Blockchain Challenges: Scalability, Energy Consumption, and Regulation

The challenges of using blockchain technology

Blockchain technology has the potential to disrupt many industries and bring new innovations in areas like finance, supply chain management, voting, real estate, healthcare, and more. However, there are some key challenges that need to be addressed for blockchains to reach mainstream adoption. The three main challenges are scalability, energy consumption, and regulation.


What is blockchain scalability?

Blockchain scalability refers to the ability of a blockchain network to handle increasing transaction volumes and data while maintaining performance. As more users join a blockchain network, there will naturally be more transactions submitted to the network. This leads to challenges in processing higher transaction speeds, ensuring low latency, and storing the growing data from those transactions.

For blockchains to support entire economies, they need to achieve transaction speeds and throughput rates comparable to major payment processors like Visa and Mastercard. Visa can handle up to 65,000 transactions per second (TPS), while Bitcoin maxes out at around 7 TPS and Ethereum at 15-20 TPS currently. So blockchain scalability is about increasing network capacity through technological improvements.

Why does scalability matter?

Scalability is crucial for the mainstream adoption of blockchains. If a blockchain cannot efficiently process high transaction volumes, then congestion occurs, transaction fees spike, and users experience long processing times. This leads to a poor user experience that prevents blockchains from being used for everyday payments and applications.

Here are some scenarios where scalability becomes a major limitation:

  • Payments: For consumers to use crypto for buying coffee or groceries, tens of thousands of payments need to settle quickly with negligible fees. Slow transaction speeds or volatile fees make it impractical.
  • Decentralized apps: dApps like games and social networks need to support millions of active users. Poor scalability means elevated latencies, downtime, and costs.
  • Enterprise adoption: Corporations have high throughput needs also. If blockchains can’t match database speeds at scale, they won’t be adopted to replace legacy systems.
  • Micropayments: Use cases like paying per website view require processing millions of tiny transactions. Slow speeds and high fees render micropayments unviable.

Essentially, for blockchain to unlock its true potential, it must scale to meet user demands for faster and cheaper transactions. Otherwise, adoption will hit a ceiling.

Technical approaches to improving scalability

There are a variety of technical approaches that aim to improve blockchain scalability:

On-chain scaling

  • Increasing block size: This involves allowing more transactions per block. However, too large blocks can lead to slower propagation speeds and more centralization.
  • Shorter block times: This allows more frequent confirmation but can increase the rate of stale blocks and forks. There are also speed limits on how fast new blocks can propagate safely.
  • Sharding: This involves splitting the blockchain network into shards each handling transactions for a subset of users.
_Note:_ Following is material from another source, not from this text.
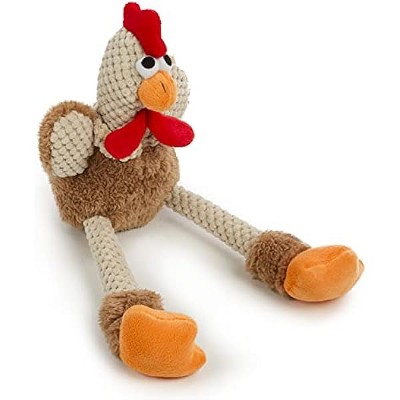 goDog Checkers Skinny Rooster Squeaky Plush Dog Toy, Chew Guard Technology - Brown, Small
This parallelizes transaction processing across shards.

Off-chain scaling

  • Payment channels: Transactions occur off-chain and only final settlement is batched on-chain. For example, the Lightning Network uses payment channels for faster bitcoin transfers.
  • Sidechains: Transactions are processed on separate chains then data is settled to the main chain. This relieves the main chain of transaction load.
  • Plasma chains: Sidechains that use fraud proofs to only sporadically commit data to the main chain. This enables greater transaction capacity.
  • State channels: Like payment channels using multi-party off-chain consensus to update contract state then settle on-chain. Used for things like gaming apps.

Hybrid scaling

Layer-2 scaling solutions like Plasma and payment channels can be used in conjunction with Layer-1 improvements like sharding and block size increases to multiply scalability. For example, Ethereum 2.0 will incorporate sharding and Plasma.

Case studies: Bitcoin vs Ethereum scalability

The two largest blockchain networks, Bitcoin and Ethereum, both face scalability challenges today. Let’s compare their current transaction capacities and efforts to improve scalability:


  • Max TPS: 7
  • Scalability approach: Lightning Network for off-chain scaling. Also SegWit block size increase.

Lightning Network provides a layer-2 network of payment channels that enable fast and cheap bitcoin transfers off-chain. It promises to scale to over 1 million TPS while settling to the main bitcoin blockchain. Over 10,000 nodes are already running Lightning software and hundreds of merchants accept Lightning payments.

SegWit increased the block size limit through a “soft fork” change while fixing malleability issues. This temporarily increased throughput to ~14 TPS but gains are limited. Further increases to block size are debated in the community.


  • Max TPS: 15-20
  • Scalability approach: Sharding on Ethereum 2.0, Plasma and state channels for L2 scaling.

Ethereum’s roadmap involves a long-planned upgrade called Ethereum 2.0. This implements sharding to split the network into 64 shards each handling transactions for a subset of accounts in parallel. This promises 100,000+ TPS throughput.

For off-chain scaling, solutions like Plasma chains and state channels (e.g. Polygon’s ZK-Rollups) already provide faster and cheaper transactions. These leverage Ethereum for security while handling volume off-chain.

Ethereum 2.0 with sharding and layer-2 solutions offer a hybrid approach that aims to achieve Visa-like scalability. But the upgrade has seen lengthy delays.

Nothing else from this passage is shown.